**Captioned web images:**
--
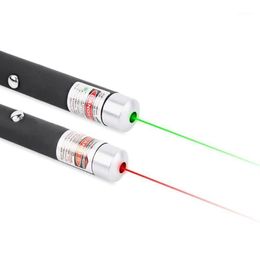Pointeur Laser de haute qualité rouge vert 5mW puissant 500M stylo torche LED professionnel faisceau lumineux Visible pour l'enseignement 1241v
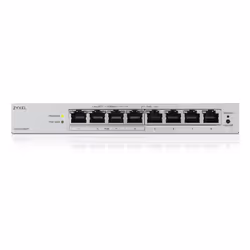 Zyxel GS1200-8HPV3 Géré L2 Gigabit Ethernet (10/100/1000) Connexion Ethernet, supportant l'alimentation via ce port (PoE) Bureau Gris - Vue supplémentaire 3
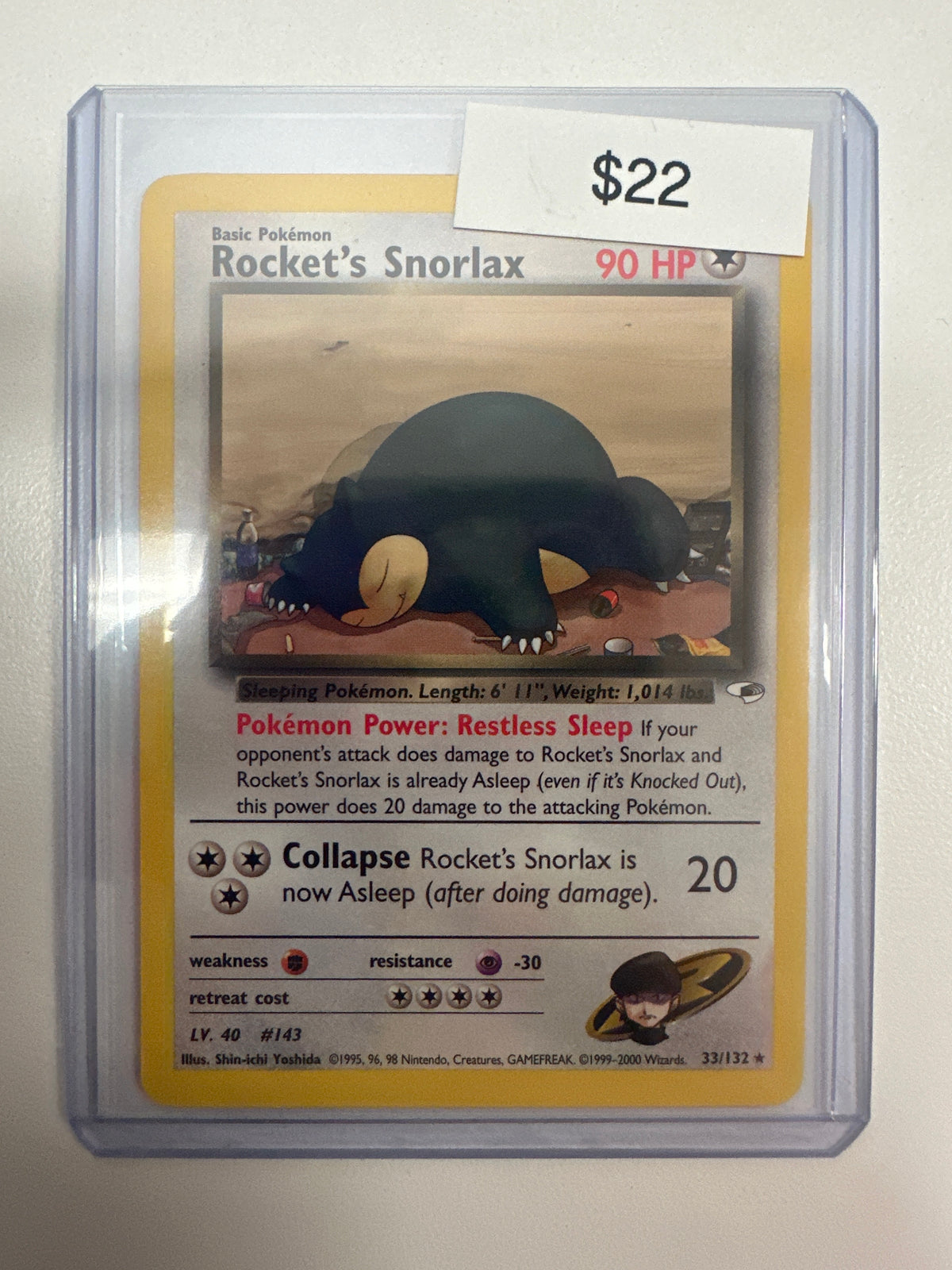 Pokemon Rocket’s Snorlax 33/132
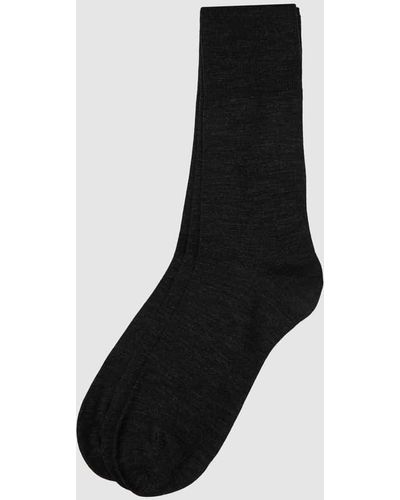 FALKE Socken aus Schurwollmischung im 3er-Pack Modell 'Airport' - Grau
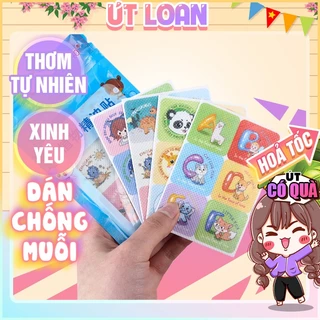 Bộ 36 Miếng Dán Chống Muỗi Hoạt Hình Thơm Mát Tự Nhiên U2526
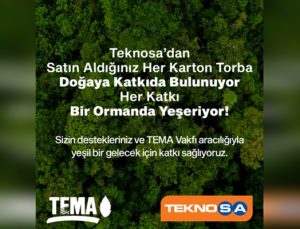 Teknosa’nın karton torbaları ormana dönüşüyor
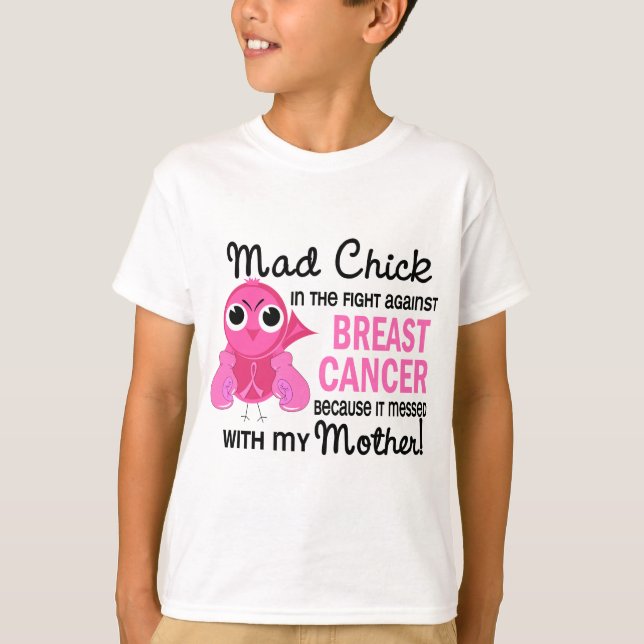 Wütender Mutter-Brustkrebs des Küken-2 T-Shirt (Vorderseite)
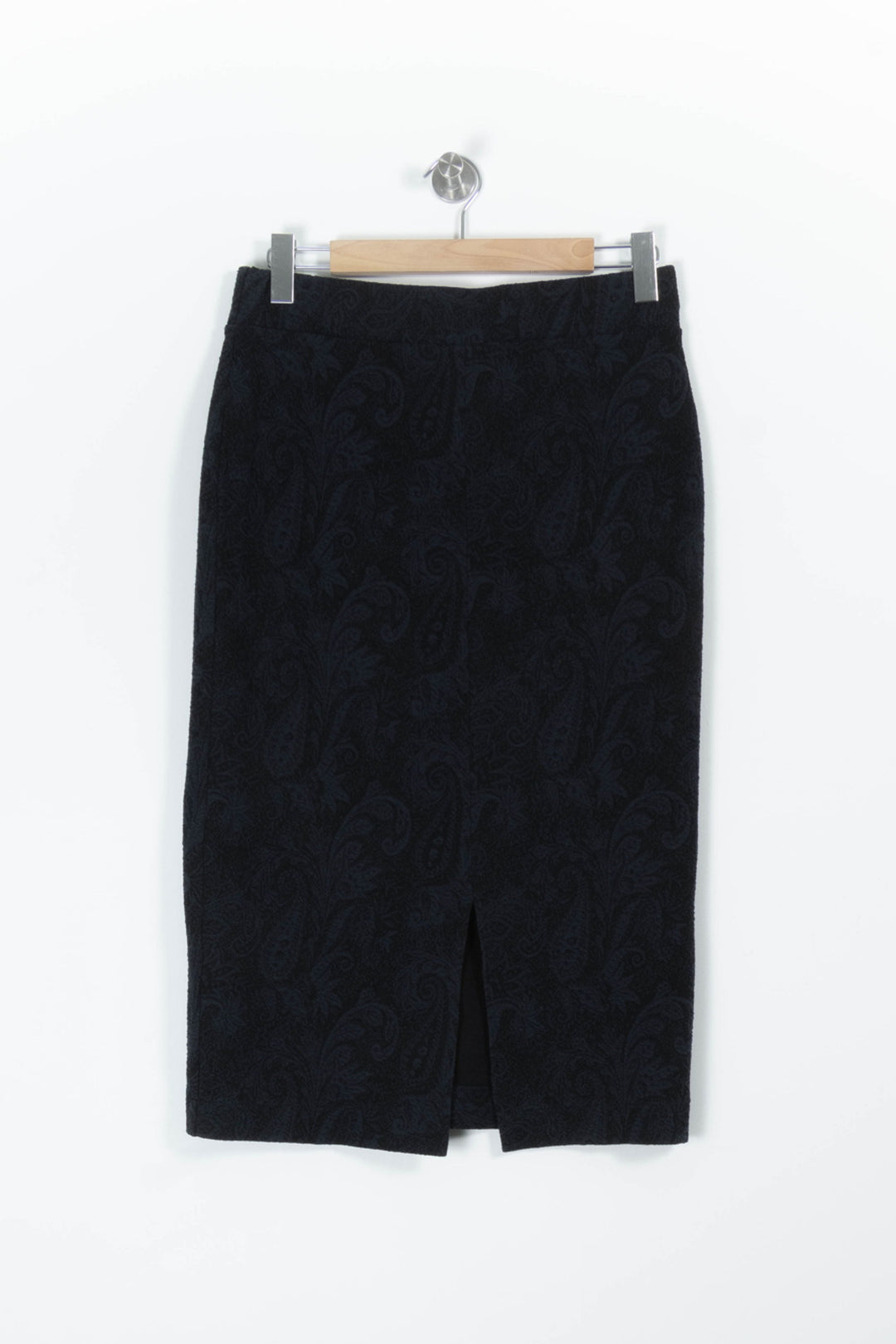 Jupe Droite Bleue - Taille XL/42 de la marque La Fée Maraboutée | PARAD96502 - Vendu par Paradigme - Image 4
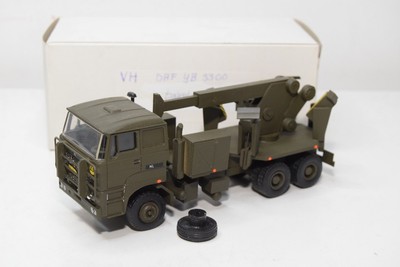 B71 1:50 VH MODELBOUW KIT DAF YA 2300 TRUCK LOADING CRANE 6X6 DUTCH ARMY EXIB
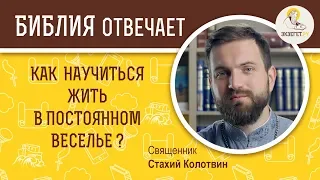 Как научиться жить в постоянном веселье? - Библия отвечает. Священник Стахий Колотвин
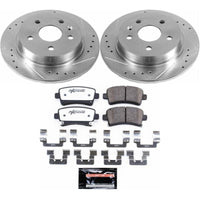 Power Stop 12 - 16 Buick LaCrosse Rear Z26 Street Warrior Brake Kit - My Store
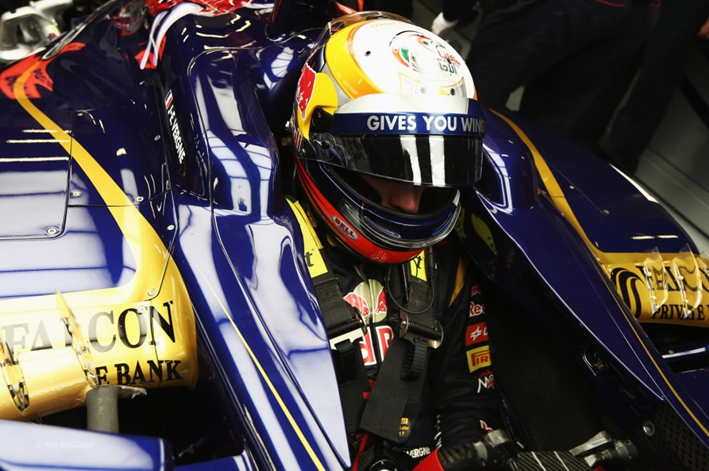 Vergne. 1º Test Barcelona 2013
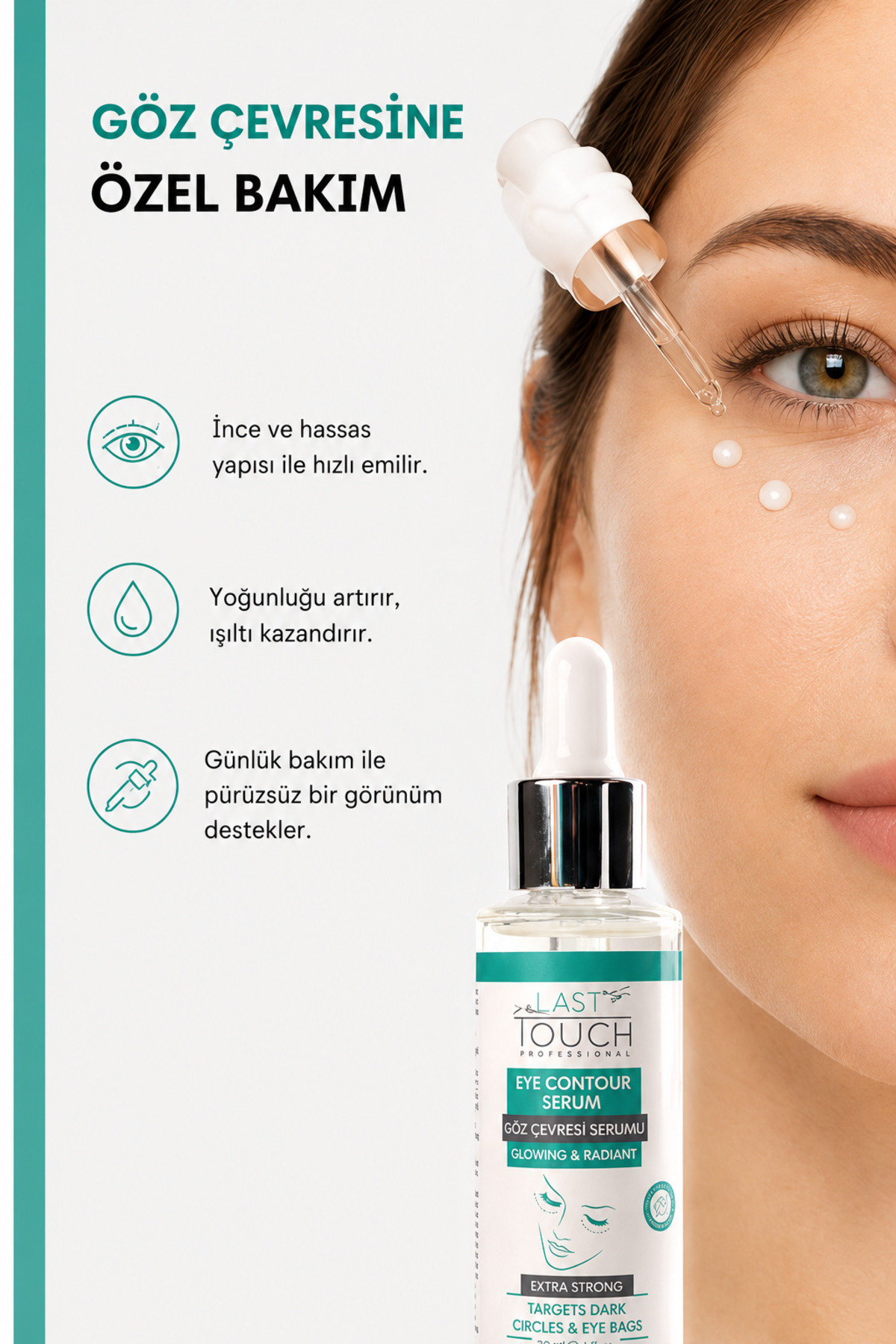 2'li Paket Göz Altı Morluk Karşıtı Göz Çevresi Serum & Ölü Deriden Arındırıcı Yüz Peeling Jel — TYCD7JM6HN172845647551574 — تصویر 6 از 9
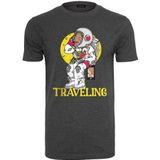 Mister Tee Heren T-shirt Traveling Tee, print T-shirt voor mannen, grafisch T-shirt, streetwear, antraciet, XL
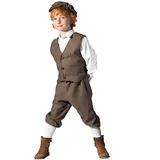 Wilbers & Wilbers Kinder Kostüm 20er Jahre Set braun Hose Karneval Fasching Gr. 116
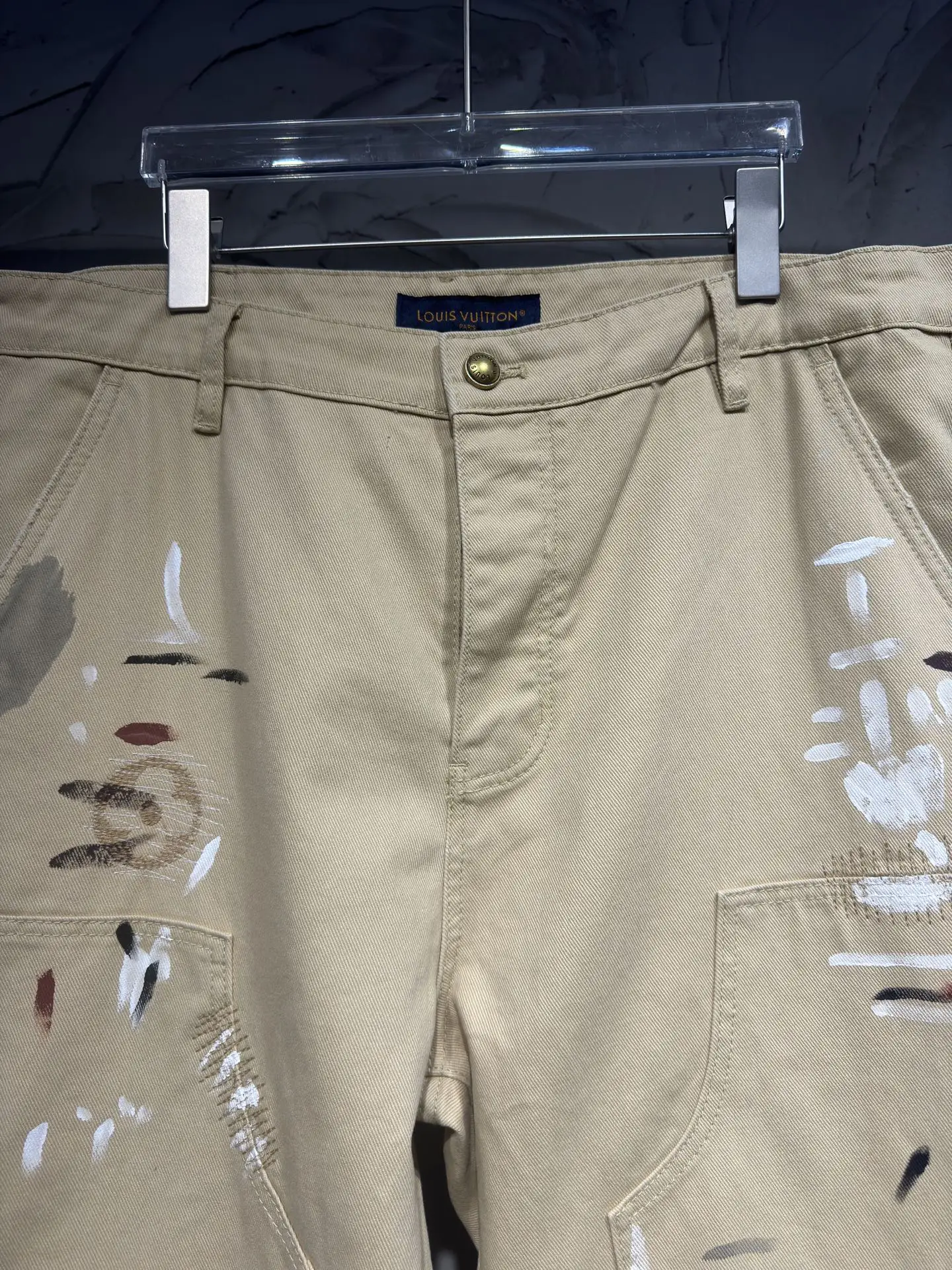 Paint-Splatter Embroidered Carpenter Trousers D24523024 — view 5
--
**Work task:** The line containing "Zyxel GS1200-8HPV3 Géré" marks where the copy ends; print every line before it from the start of the records, and that line too, but no pictures.

**Task result:**
Pointeur Laser de haute qualité rouge vert 5mW puissant 500M stylo torche LED professionnel faisceau lumineux Visible pour l'enseignement 1241v
 Zyxel GS1200-8HPV3 Géré L2 Gigabit Ethernet (10/100/1000) Connexion Ethernet, supportant l'alimentation via ce port (PoE) Bureau Gris - Vue supplémentaire 3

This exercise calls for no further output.